Assuming that you usually store datasets in `$YOUR_DATA_ROOT` (e.g., for me, `/home/xhzhan/data/`).
This script will automatically download PASCAL VOC 2007 into `$YOUR_DATA_ROOT`, prepare the required files, create a folder `data` under `$OPENSELFSUP` and make a symlink `VOCdevkit`.

```shell
cd $OPENMIXUP
bash tools/prepare_data/prepare_voc07_cls.sh $YOUR_DATA_ROOT
```

At last, the folder looks like:

```
OpenSelfSup
├── openmixup
├── benchmarks
├── configs
├── data
│   ├── meta [used for 'ImageList' dataset]
│   ├── Aircrafts
│   │   |   ├── images (contains all train & val)
│   ├── cifar10
│   ├── cifar100
│   │   ├── cifar-10-batches-py
│   │   ├── cifar-10-python.tar
│   │── Cars
│   │── CUB200
│   ├── ImageNet
│   │   ├── train
│   │   |   ├── n01440764
│   │   |   ├── n01443537
│   │   |   ...
│   │   |   ├── n15075141
│   │   ├── val
│   │── iNaturalist2017
│   │── iNaturalist2018
│   ├── Places205
│   │   ├── images256
│   │   |   ├── a
│   │   |   |   ├── abbey
│   │   |   |   ├── airport_terminal
│   │   |   |   ...
│   │   |   ├── b
│   │   |   ...
│   │   |   ├── y
│   │── STL10
│   ├── TinyImageNet
│   │   ├── train
│   │   |   ├── n01443537
│   │   |   ...
│   │   ├── val
│   │   |   ├── images (contains all train & val)
│   ├── VOCdevkit
│   │   ├── VOC2007
│   │   ├── VOC2012
```

## A from-scratch setup script

Here is a full script for setting up openmixup with conda and link the dataset path.
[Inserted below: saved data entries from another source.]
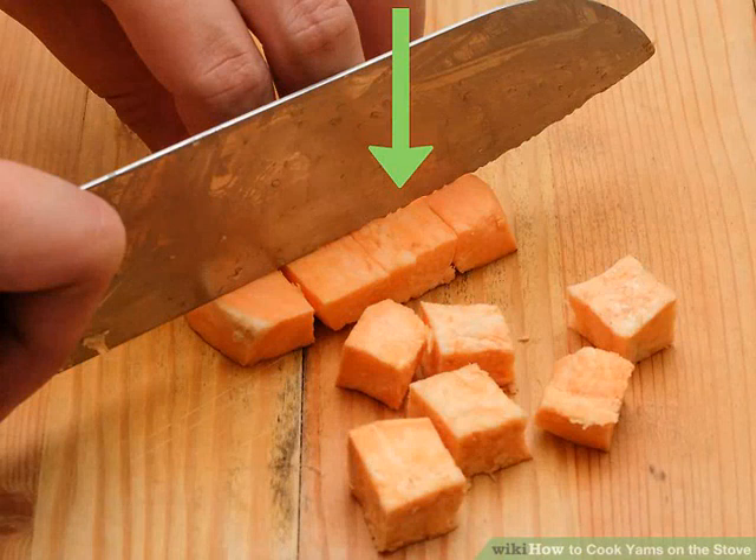Trim and cut the yams into cubes. When the yams are peeled, use a sharp knife to trim away the ends and any woody bits. Next, chop the yams into bite-size cubes, aiming for cubes about one half to one inch (1.25 to 2.5 centimeters) in size. Make sure all pieces are roughly the same size so they cook at the same rate.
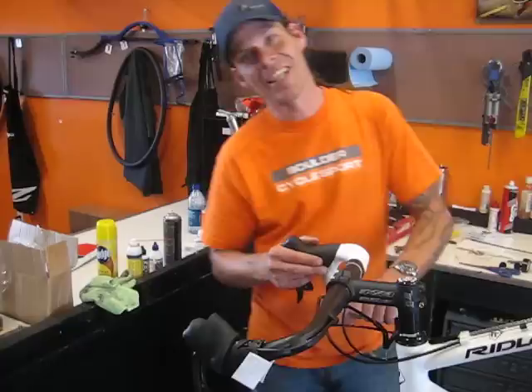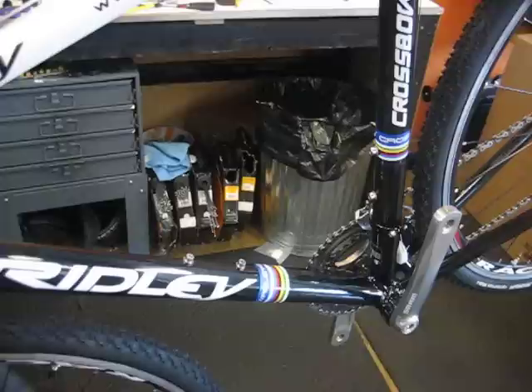Coleman, what are you building here? This is the new 2010 Ridley Crossbow Cyclocross bike. Anxiously awaited — the Crossbow.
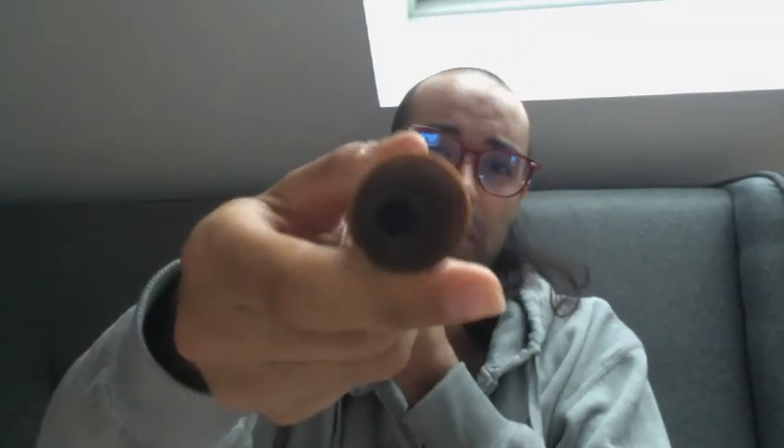So the tip of the ney you see here is round. It doesn't have any hole in it, and as you can see it's made of a single piece of plant. It's a plant-based flute.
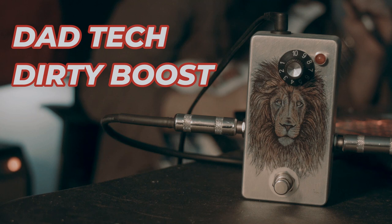These dirty boosts are based off of an LPB-1, but I have put diodes in the circuit to make it more dirty. I will be doing a demo of one of my LPB-1 clones.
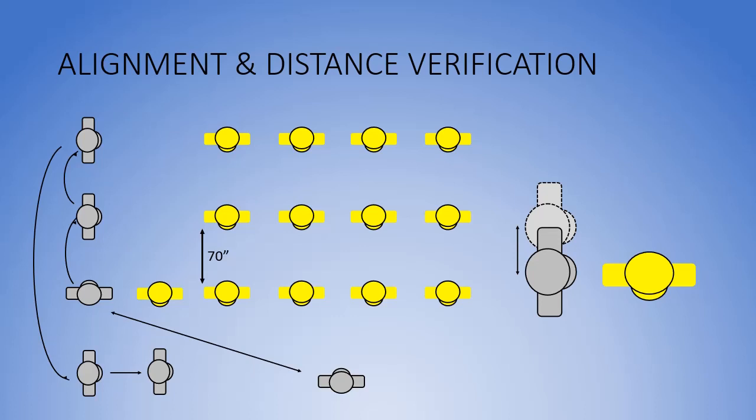When finished aligning, the commander takes one right step and executes a left face in march, takes two 30-inch steps and one 10-inch step to verify the 70-inch distance. He stops next to the second squad leader, faces right, and repeats the procedure for each subsequent squad.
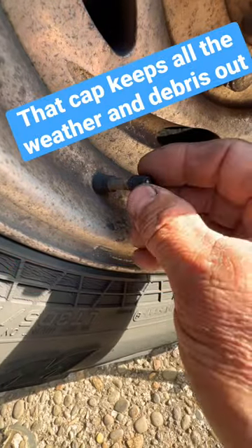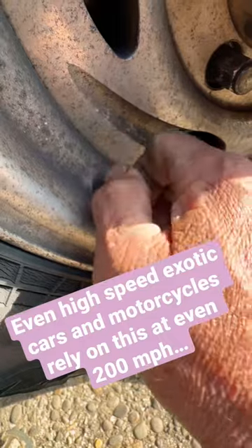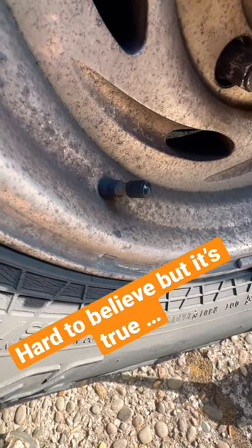This tiny little cheap plastic cap that comes with it is meant to keep that stuff out of the valve stem so you don't lose all your air. Believe it or not, it's a really important piece.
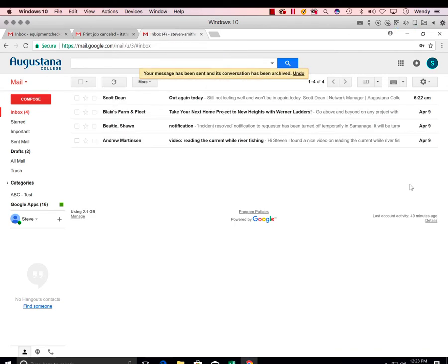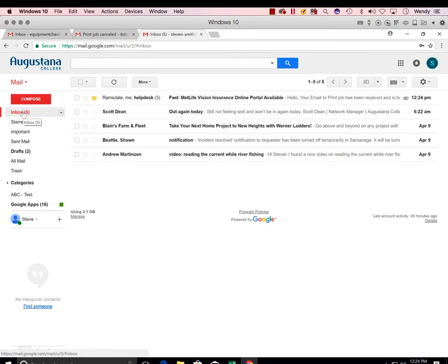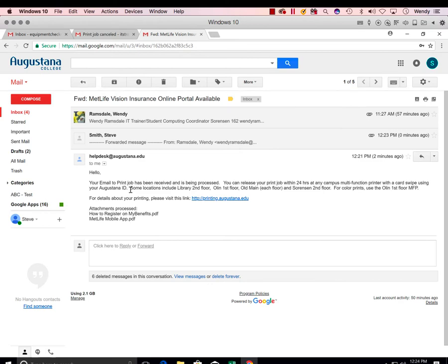Within the next few minutes you will receive an email confirmation from the help desk informing you that the print job is now in the queue and can be retrieved at any of the MFP printers on campus. Here is our confirmation — it's from the help desk, with information about where to retrieve the job and where to learn more about printing.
The script does not download full datasets, you have to prepare them on your own.

```shell
conda create -n openmixup python=3.8 -y
conda activate openmixup

conda install -c pytorch pytorch torchvision -y
git clone https://github.com/Westlake-AI/openmixup.git
cd openmixup
python setup.py develop

# download 'meta' and move to data/meta
wget https://github.com/Westlake-AI/openmixup/releases/download/dataset/meta.zip
unzip -d data/meta meta.zip
# download full classification datasets
ln -s $CIFAR10_ROOT data/cifar10
ln -s $CIFAR100_ROOT data/cifar100
ln -s $IMAGENET_ROOT data/ImageNet
ln -s $TINY_ROOT data/TinyImagenet
# download VOC datasets
bash tools/prepare_data/prepare_voc07_cls.sh $YOUR_DATA_ROOT
```

## Using multiple openmixup versions

If there are more than one `openmixup` on your machine, and you want to use them alternatively, the recommended way is to create multiple conda environments and use different environments for different versions. The `develop` mode is recommanded if you want to add your own codes in `openmixup`.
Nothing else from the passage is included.